OK Ive made my mind up. I think instead of doing the 2x12 for the enclosure walls. Im going to use some landscape timbers with the posts sunk in concrete behind the timbers. I think this would give a good look as well as add a more sturdy barrier. 36" tall enough or could I do like 32"?


----------



## Yellow Turtle (Aug 15, 2012)

Very cool, this should be aldabras heaven.

Hope you can add galapagos too


----------



## tortadise (Aug 15, 2012)

I think it is going to be superb. also it is going to be either species first in this enclosure. The latter of the two that will get the exact same size enclosure just mirrored on the opposite side if the property. So hopefully sponsorship comes through. I have a meeting with USFW confiscation team in hopefully aquiring some permanent program specimens.


----------



## Tom (Aug 15, 2012)

tortadise said:


> I think this would give a good look as well as add a more sturdy barrier. 36" tall enough or could I do like 32"?



This is certainly a Greg question, but I only do 16-18" for adult sulcatas.


----------



## tortadise (Aug 15, 2012)

Yeah me too. I dont want it too tall, or too short.


----------



## ALDABRAMAN (Aug 15, 2012)

Tom said:


> tortadise said:
> 
> 
> > 3*6" tall enough or could I do like 32"?*



*We go at least 30" (3 2x10'S)at the shortest, however a large male can get his front paw over the edge!*


----------



## SteveP (Aug 15, 2012)

Looking forward to seeing this project.


----------



## AustinASU (Aug 15, 2012)

Hey Kelly if you need help with this project let me know I wouldn't giving you a hand bro.


----------



## tortadise (Aug 15, 2012)

ALDABRAMAN said:


> Tom said:
> 
> 
> > tortadise said:
> ...



Thats what I gathered from your pen photos. Didnt know if they were 2x10 or 12's if I did 3 2x12 that would put the wall at 33 1/2" which should be good id think. Plus maybe a 2x4 cap sideways for some fanciness, bringing it to 35". Yeah should be fine.
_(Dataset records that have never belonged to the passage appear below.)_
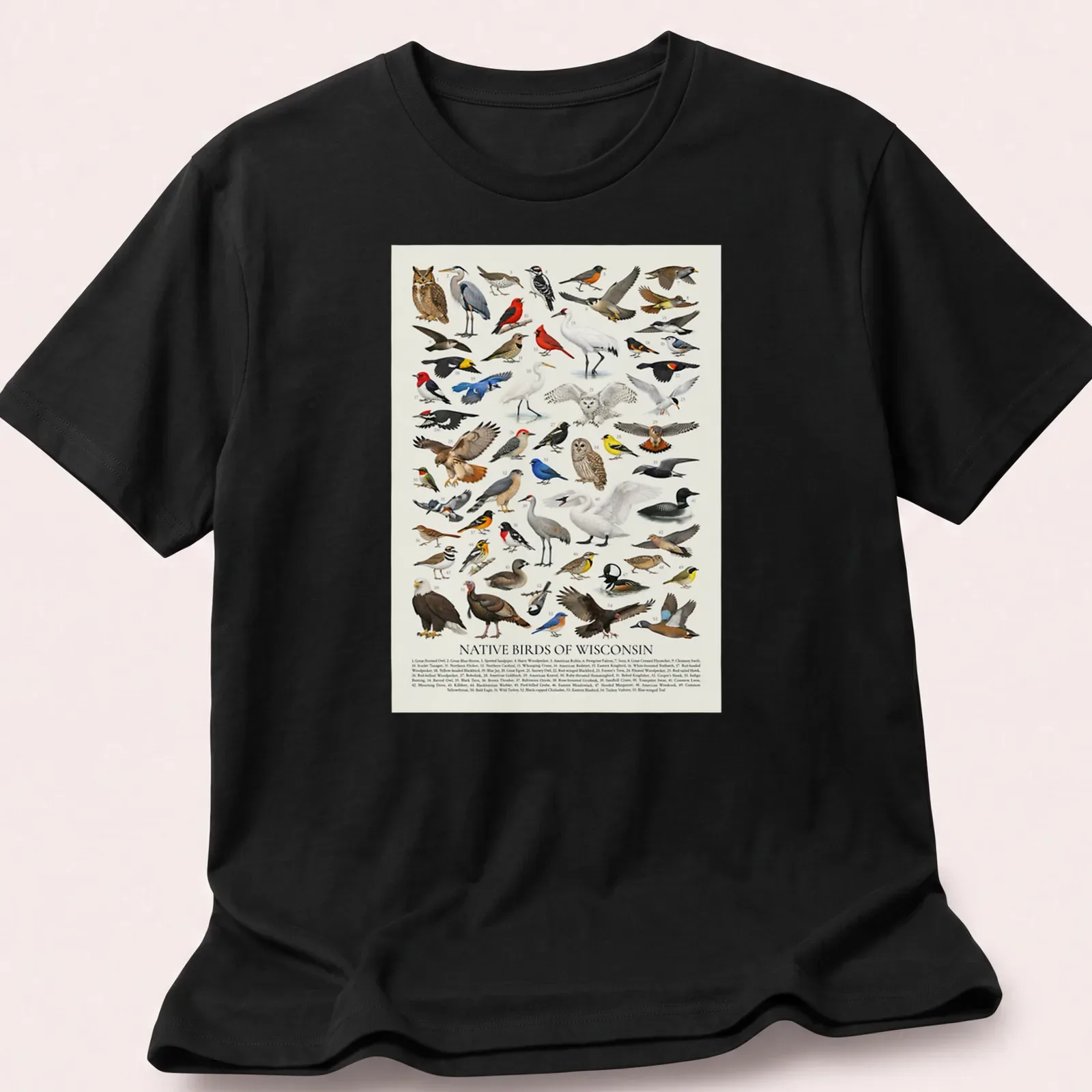 Retro identification chart of native Wisconsin birds with colorful illustrations — printed on a unisex t-shirt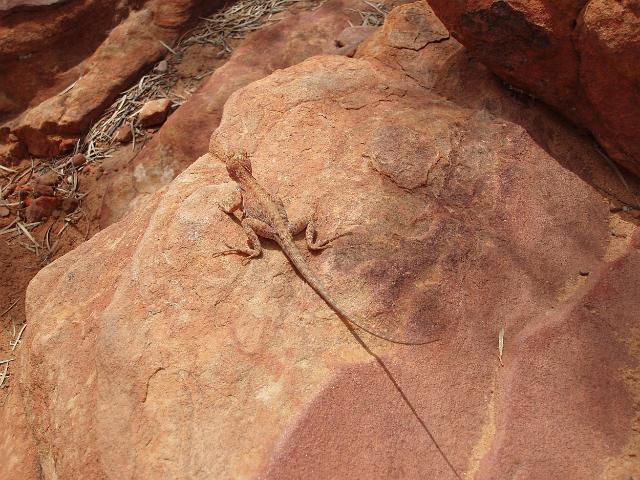 a lizard camouflaged against the red sandstone rock in kings canyon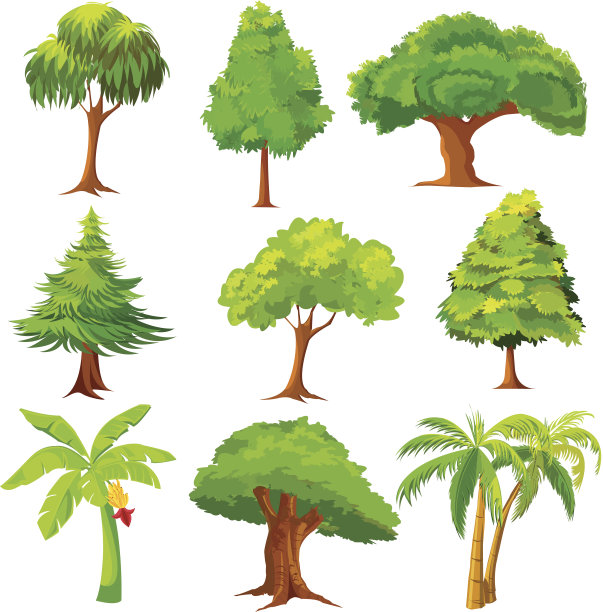 树的集合图片下载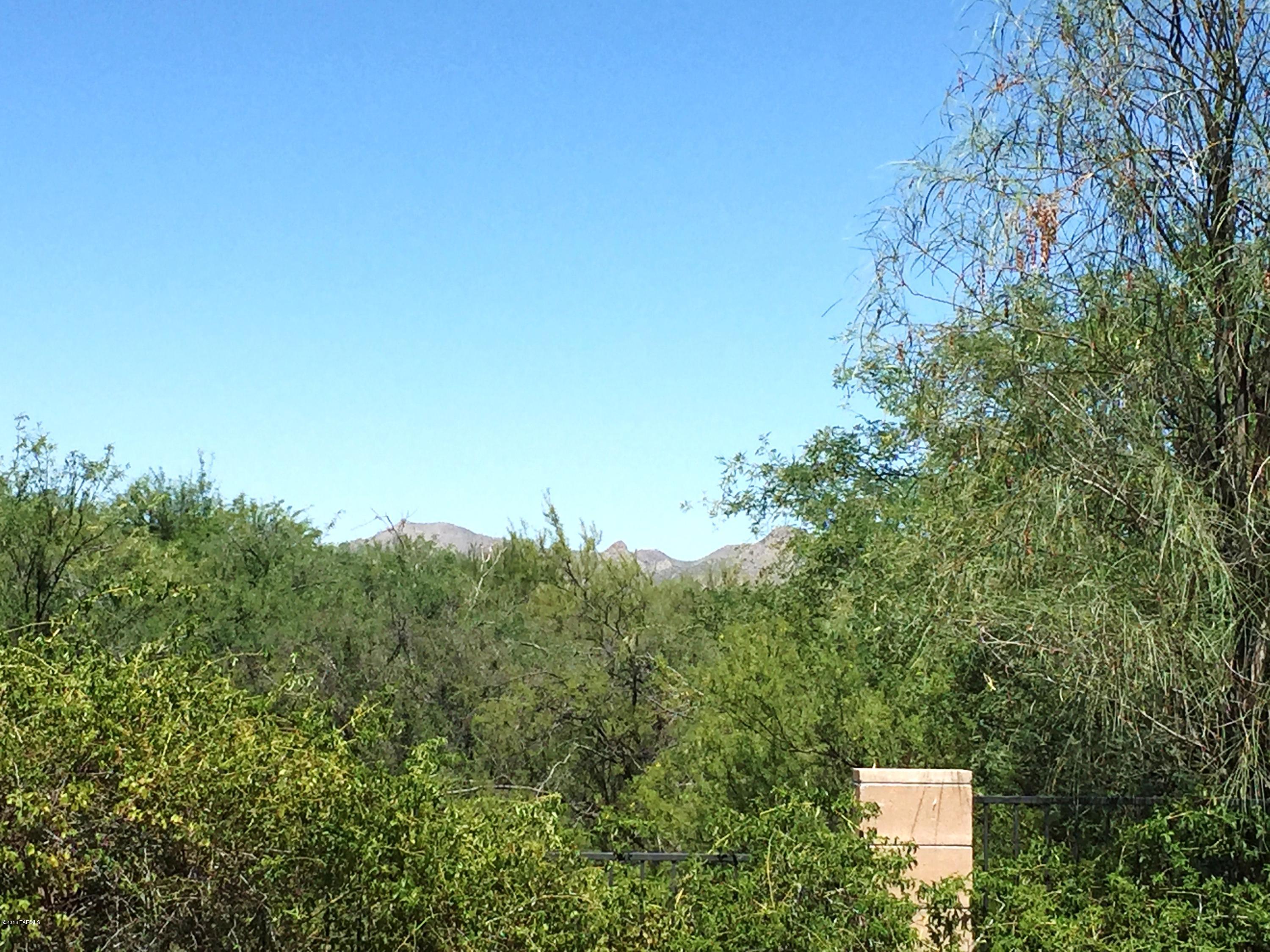 1028 W Blue Crest Drive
Oh I cant wait either. Pouring concrete friday at 2. And then it begins. The mexican in me will get to work.


----------



## Neal (Aug 15, 2012)

Shweet!


----------



## tortadise (Aug 15, 2012)

Yeah I cant wait. I love building new enclosures for torts. Im also constructing a 20x40 greenhouse same time as this enclosure. I will get some photos up soon of that too.



AustinASU said:


> Hey Kelly if you need help with this project let me know I wouldn't giving you a hand bro.



Dude your like 6 hours away. When i get all these new buildings completed in about 3-4 weeks, I plan on having an opening for viewing, gonna grill some burgers and hot dogs, some brews, i invited the local USFW hub team too, and lots of locals that support me (well kinda support me in spirit more or less). Once I get a good date and everything is up and running I will send an open invite to the forum members and anyone who wants to come. Kinda a little fundraiser thing too. But if you feel like driving all that way come on, I got all the tools and knowledge going to be framing the big boy building and greenhouse sunday.


----------



## waterboy (Aug 20, 2012)

I sounds like it will be awesome.I do like the idea about putting a 2 or 3 small hills to spruce up the look a little and give the a view. Also are you going to have a mud hole i know aldabras love them, since your putting in a sprinkler system you can dig a hole and run a under ground drip line or pump to it so it would always be full of water. Well thanks my 2 cents worth


----------



## AustinASU (Aug 20, 2012)

tortadise said:


> Yeah I cant wait. I love building new enclosures for torts. Im also constructing a 20x40 greenhouse same time as this enclosure. I will get some photos up soon of that too.
> 
> 
> 
> ...







ehhh it's more like 4hrs not too bad, but shoot when you get it done you can bet ill be there.


----------



## tortadise (Aug 20, 2012)

In progress on the greenhouse now. Still waiting for the concrete to cure on this building. I will probably be framing this guy up in th enext few days. Gotta a lot of work to do for a one man army.


----------



## AustinASU (Aug 20, 2012)

tortadise said:


> In progress on the greenhouse now. Still waiting for the concrete to cure on this building. I will probably be framing this guy up in th enext few days. Gotta a lot of work to do for a one man army.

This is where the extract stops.